Two areas of leadership defined his pastorate and helped form the identity of our church. First was Dr. Rawson’s zeal for mission. He served on a number of mission boards and encouraged the congregation in its support of local and national evangelism and relief efforts, quickly making Ardmore one of the leading churches in the Presbytery for mission giving.
A glimpse of this leadership can be seen by reading our first Annual Report of 1908, in which Dr. Rawson commented: “It may seem to some a very unwise thing to encourage [mission] gifts while we are without a church building and our numbers are few, but experience has shown that no church can maintain a healthy spiritual life when its interests are centered in itself, and as a rule the Church that reaches out in service to others, at home and in the regions beyond, is the Church whose financial needs are met.”
The second area Dr.

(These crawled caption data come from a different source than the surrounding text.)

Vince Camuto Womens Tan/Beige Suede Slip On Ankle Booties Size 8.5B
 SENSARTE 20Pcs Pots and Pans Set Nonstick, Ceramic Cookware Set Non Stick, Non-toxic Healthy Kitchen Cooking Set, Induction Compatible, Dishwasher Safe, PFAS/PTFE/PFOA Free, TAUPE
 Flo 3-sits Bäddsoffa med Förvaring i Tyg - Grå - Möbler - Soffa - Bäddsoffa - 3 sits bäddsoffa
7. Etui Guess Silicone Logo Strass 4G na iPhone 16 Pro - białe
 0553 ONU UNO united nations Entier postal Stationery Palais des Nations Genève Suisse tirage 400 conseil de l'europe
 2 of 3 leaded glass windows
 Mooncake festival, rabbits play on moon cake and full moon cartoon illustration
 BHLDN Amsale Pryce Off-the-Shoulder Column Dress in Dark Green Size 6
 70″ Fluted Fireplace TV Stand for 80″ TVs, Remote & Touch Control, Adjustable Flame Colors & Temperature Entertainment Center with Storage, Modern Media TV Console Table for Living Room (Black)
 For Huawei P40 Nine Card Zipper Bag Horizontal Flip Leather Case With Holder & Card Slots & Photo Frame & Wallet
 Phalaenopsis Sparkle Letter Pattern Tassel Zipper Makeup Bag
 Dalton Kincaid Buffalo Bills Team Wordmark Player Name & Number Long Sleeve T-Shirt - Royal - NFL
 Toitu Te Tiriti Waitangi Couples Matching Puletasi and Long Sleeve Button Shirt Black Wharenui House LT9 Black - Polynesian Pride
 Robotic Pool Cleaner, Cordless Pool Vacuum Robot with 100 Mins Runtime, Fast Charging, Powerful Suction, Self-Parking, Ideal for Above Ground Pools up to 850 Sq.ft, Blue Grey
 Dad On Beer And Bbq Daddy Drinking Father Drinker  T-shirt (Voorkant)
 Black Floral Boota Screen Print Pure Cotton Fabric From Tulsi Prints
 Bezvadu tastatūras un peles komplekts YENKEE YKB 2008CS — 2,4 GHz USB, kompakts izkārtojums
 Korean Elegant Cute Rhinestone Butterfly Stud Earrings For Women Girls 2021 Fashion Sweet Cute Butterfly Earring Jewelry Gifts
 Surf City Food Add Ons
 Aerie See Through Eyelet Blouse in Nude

Rawson’s leadership was in ministry to children. The young community had many children, and Dr. Rawson led the church in its outreach to them. He took a personal interest in the growing Sunday school program, and was often present among the children, who responded to his warmth of personality. Some of you might remember Ida Burns, a charter member who was a small child at the time of the church’s founding. She recalled with fondness how Dr. Rawson would attend the annual Sunday school picnics, greet each child, and make sure that each had ice cream, which he himself would purchase on their behalf.
It was Dr. Rawson’s love for children that led the church to dedicate the Rawson Memorial stained glass window, whose outer panels depict the children of the Bible, from Moses being discovered in the bulrushes to the boy giving Jesus the loaves and fish from which he fed the multitude. The stained glass window is on the Montgomery Avenue side near the cross aisle, where the baptismal font once stood.
While still serving as Pastor, Dr. Rawson died on March 10, 1935 at the age of 66. Despite the grief that attends a congregation with the death of its spiritual leader, the church found strength in the vision of Christian charity that Dr. Rawson had modeled, and continued its focus in sharing Christ’s love with those around them and throughout the world.